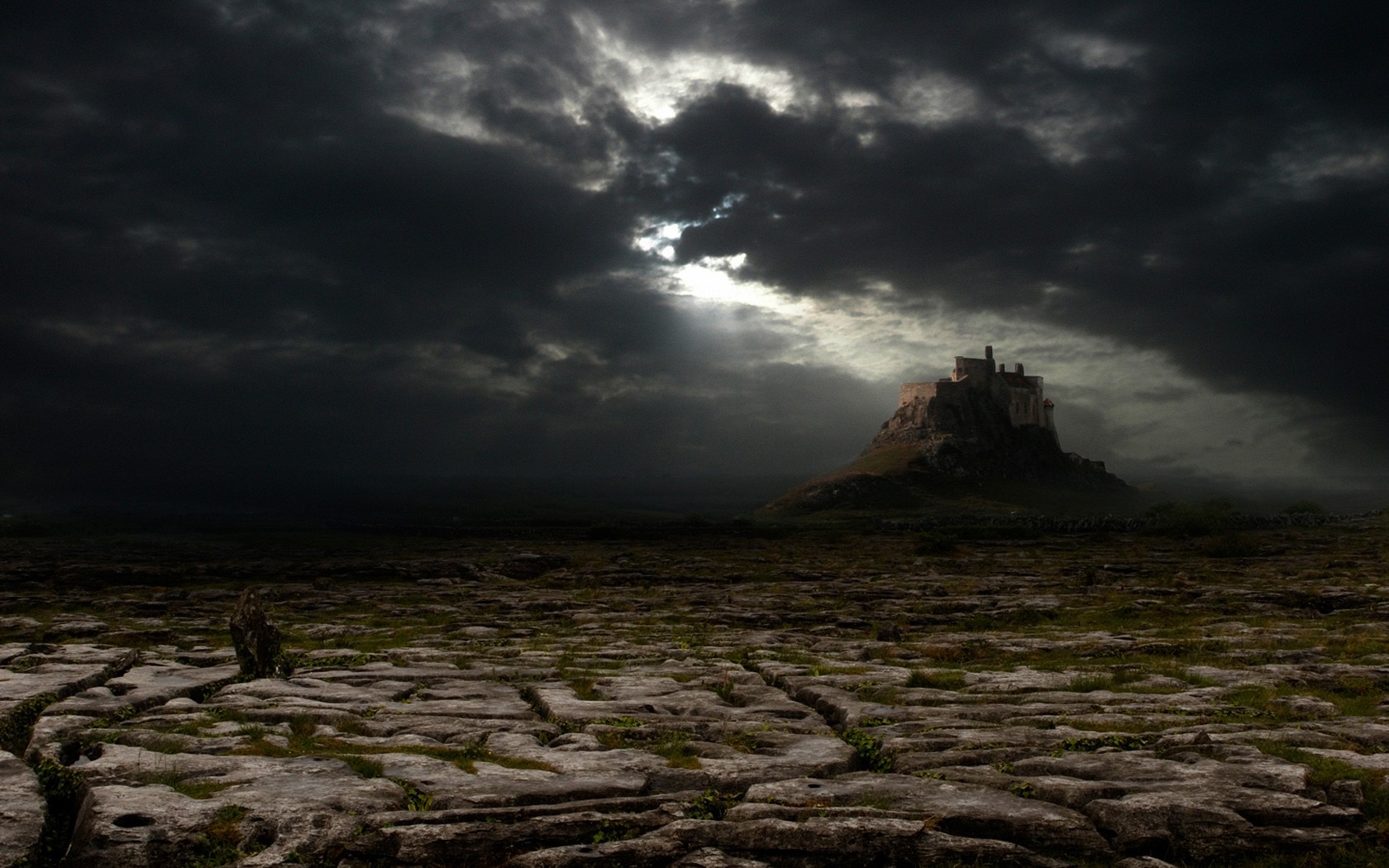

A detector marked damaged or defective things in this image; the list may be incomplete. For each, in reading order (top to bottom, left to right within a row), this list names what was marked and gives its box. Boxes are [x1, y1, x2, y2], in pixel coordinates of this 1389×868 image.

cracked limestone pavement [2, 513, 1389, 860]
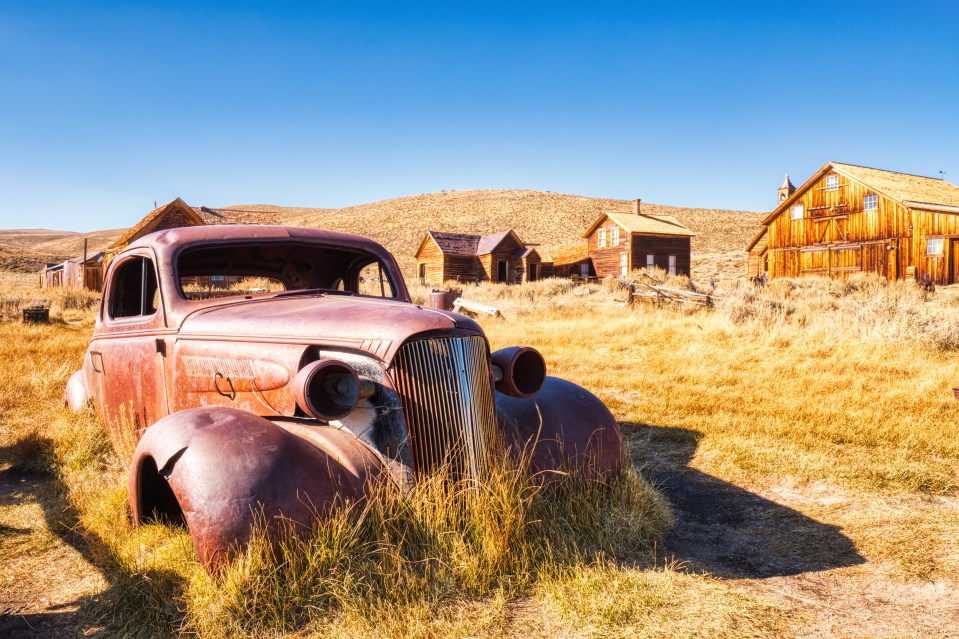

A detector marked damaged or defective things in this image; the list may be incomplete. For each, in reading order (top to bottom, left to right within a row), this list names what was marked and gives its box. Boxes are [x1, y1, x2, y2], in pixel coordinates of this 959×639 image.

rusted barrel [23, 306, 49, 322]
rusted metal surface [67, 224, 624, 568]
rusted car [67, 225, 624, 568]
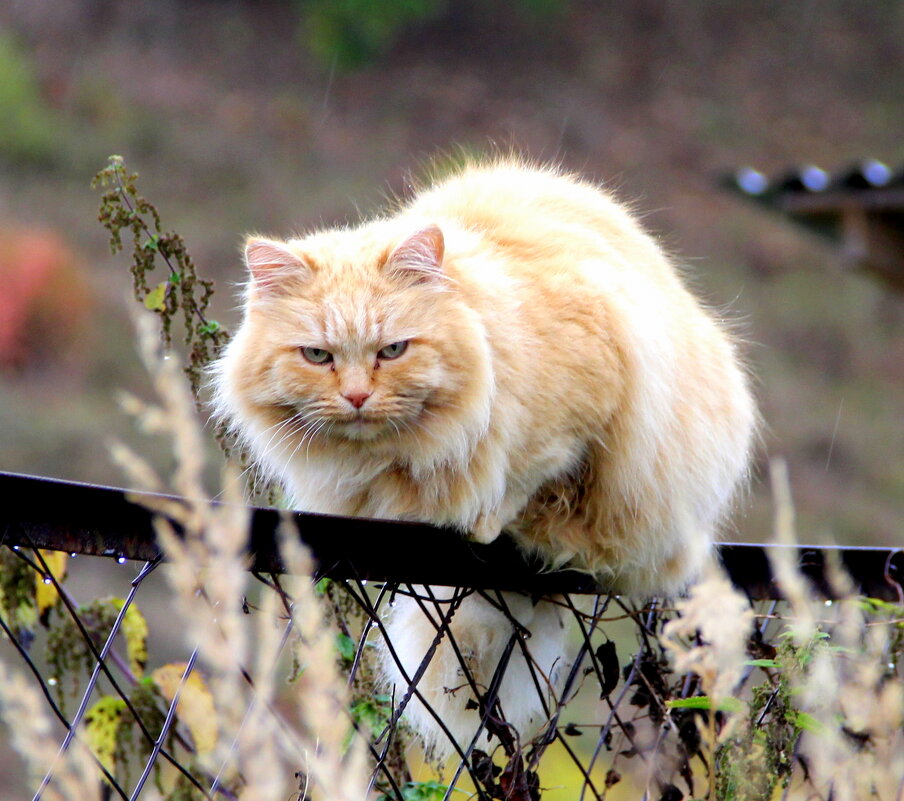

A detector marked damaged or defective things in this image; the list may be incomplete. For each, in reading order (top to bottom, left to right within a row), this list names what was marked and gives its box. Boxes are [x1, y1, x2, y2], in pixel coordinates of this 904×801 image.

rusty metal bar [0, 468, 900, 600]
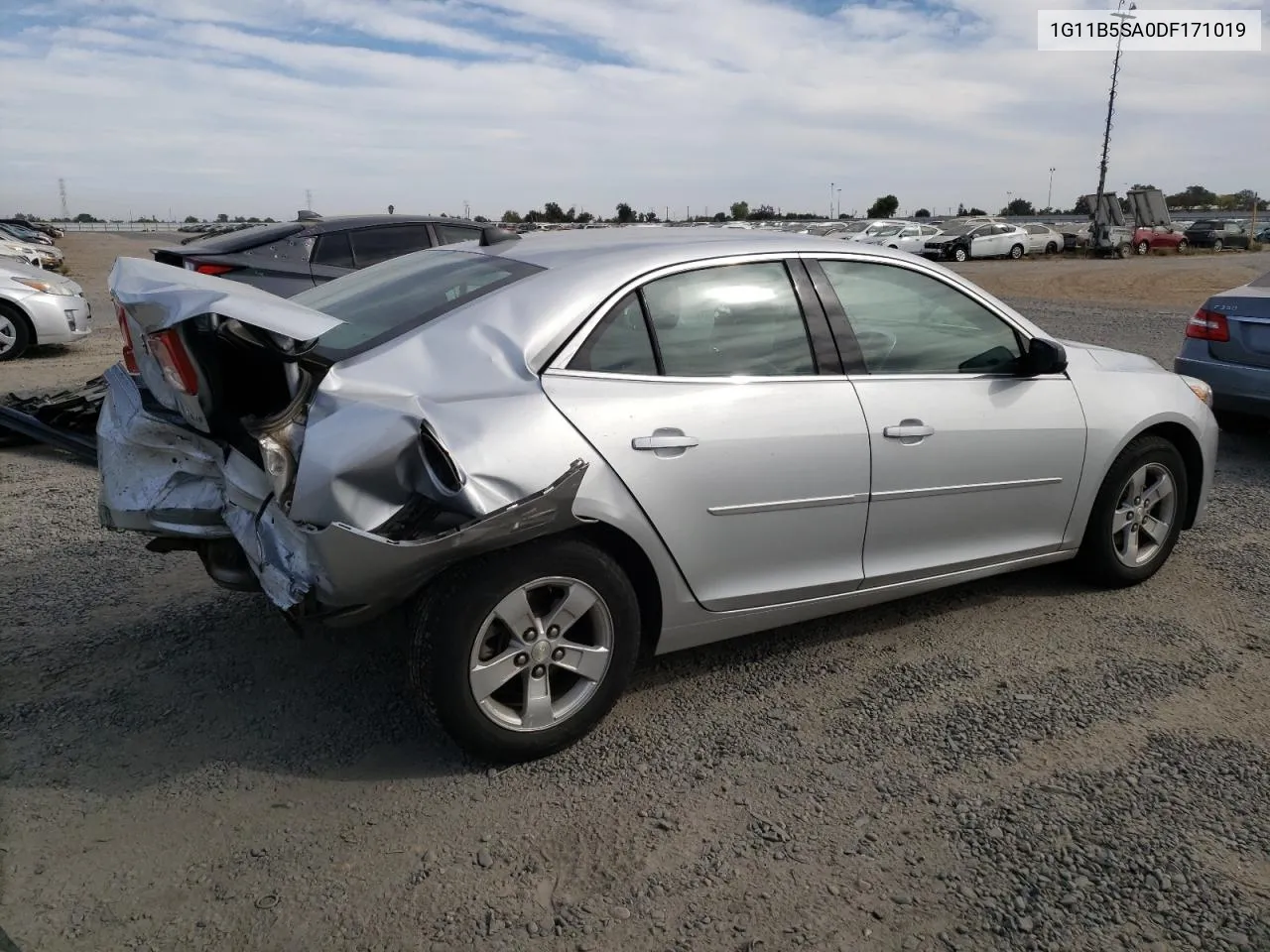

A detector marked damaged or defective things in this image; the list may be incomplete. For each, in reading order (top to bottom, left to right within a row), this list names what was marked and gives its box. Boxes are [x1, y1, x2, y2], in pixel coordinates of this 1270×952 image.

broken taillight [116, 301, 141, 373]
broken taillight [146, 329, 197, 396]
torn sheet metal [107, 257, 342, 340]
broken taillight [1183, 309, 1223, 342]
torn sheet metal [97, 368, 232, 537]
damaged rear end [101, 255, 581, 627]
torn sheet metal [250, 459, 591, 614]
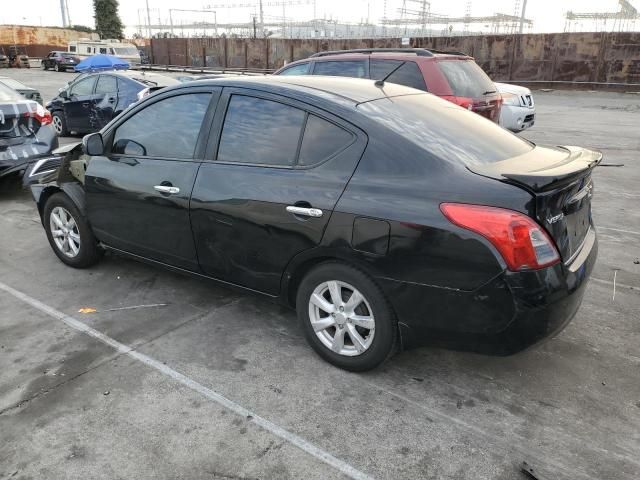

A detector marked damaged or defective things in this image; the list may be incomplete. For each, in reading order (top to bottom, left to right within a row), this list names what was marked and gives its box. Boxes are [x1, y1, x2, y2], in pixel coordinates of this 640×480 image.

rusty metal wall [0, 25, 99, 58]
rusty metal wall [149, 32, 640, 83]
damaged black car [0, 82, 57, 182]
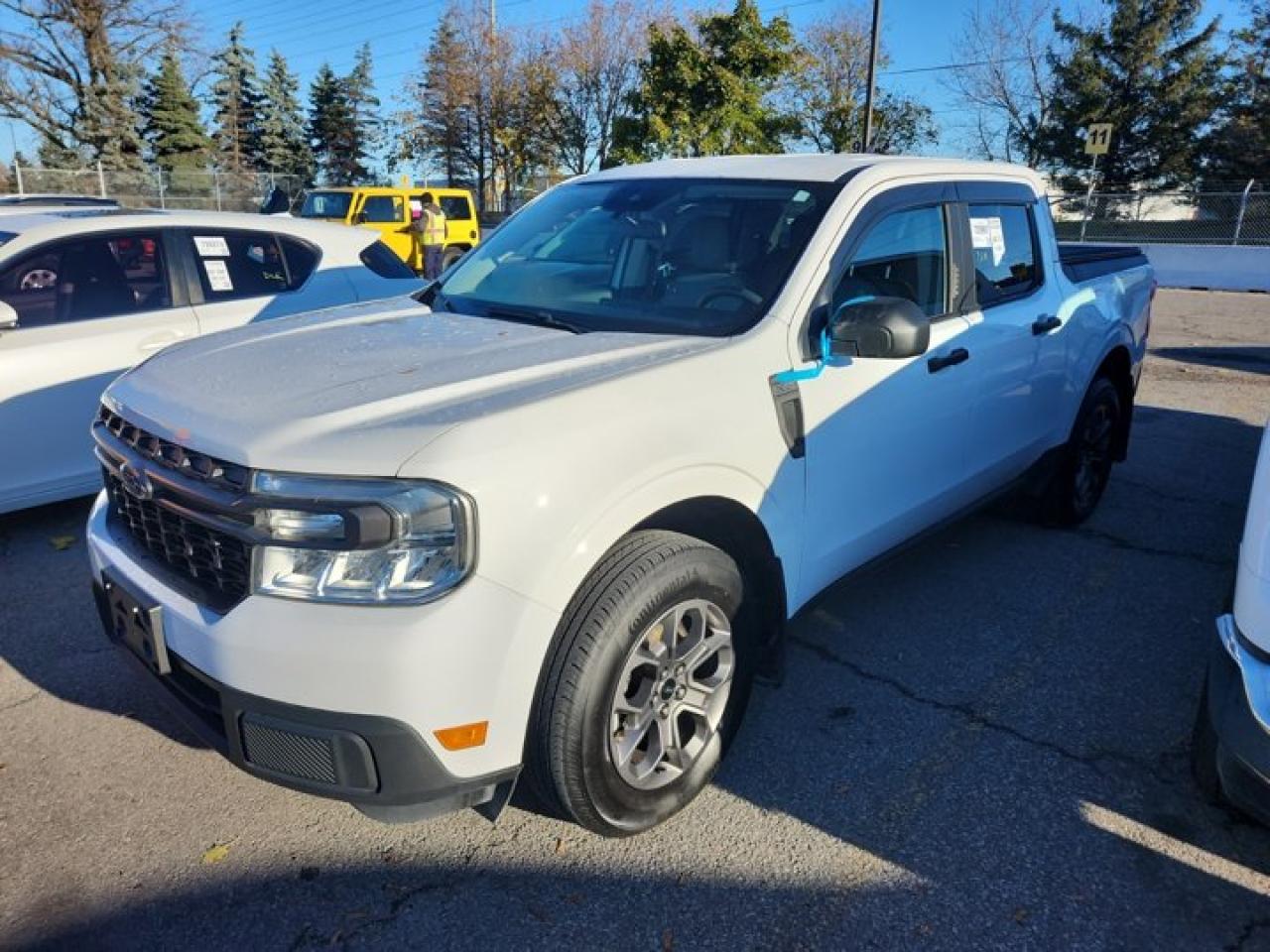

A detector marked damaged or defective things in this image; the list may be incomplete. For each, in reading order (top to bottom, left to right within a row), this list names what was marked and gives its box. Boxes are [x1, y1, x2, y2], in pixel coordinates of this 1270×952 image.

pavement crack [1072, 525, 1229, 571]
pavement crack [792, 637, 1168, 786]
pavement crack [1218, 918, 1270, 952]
--------------------
## WHAT THE EXERCISE ASKS
Exact text is required for the lines from the one with "this 904×801 image." through the last line of the entries, both included. Omit pictures.

## SOLUTION TO THIS TASK
A detector marked damaged or defective things in this image; the list may be incomplete. For each, in reading order (top to bottom, left to right within a row), this list names what was marked and gives its box. Boxes are [x1, y1, x2, y2], in pixel coordinates of this 904×801 image.

rusty metal bar [0, 468, 900, 600]

A detector marked damaged or defective things in this image; the list may be incomplete. For each, in reading order (top to bottom, left to right within a row), this list names what was marked and gives its box. Boxes are [x1, y1, x2, y2], in pixel coordinates of this 1270×952 image.

broken taillight [116, 301, 141, 373]
broken taillight [146, 329, 197, 396]
torn sheet metal [107, 257, 342, 340]
broken taillight [1183, 309, 1223, 342]
torn sheet metal [97, 368, 232, 537]
damaged rear end [101, 255, 581, 627]
torn sheet metal [250, 459, 591, 614]

A detector marked damaged or defective things in this image; the list may be incomplete. For each, in reading order (top to bottom, left to right within a row), this list names what was marked and gives its box. Boxes are [x1, y1, x2, y2], in pixel coordinates of this 640×480 image.

rusty metal wall [0, 25, 99, 58]
rusty metal wall [149, 32, 640, 83]
damaged black car [0, 82, 57, 182]

A detector marked damaged or defective things in this image; the list may be incomplete. For each, in reading order (top to bottom, left to right within a row), this list names what was marked and gives its box. Boxes are [x1, y1, x2, y2], in pixel coordinates of this 1270×952 image.

pavement crack [1072, 525, 1229, 571]
pavement crack [792, 637, 1168, 786]
pavement crack [1218, 918, 1270, 952]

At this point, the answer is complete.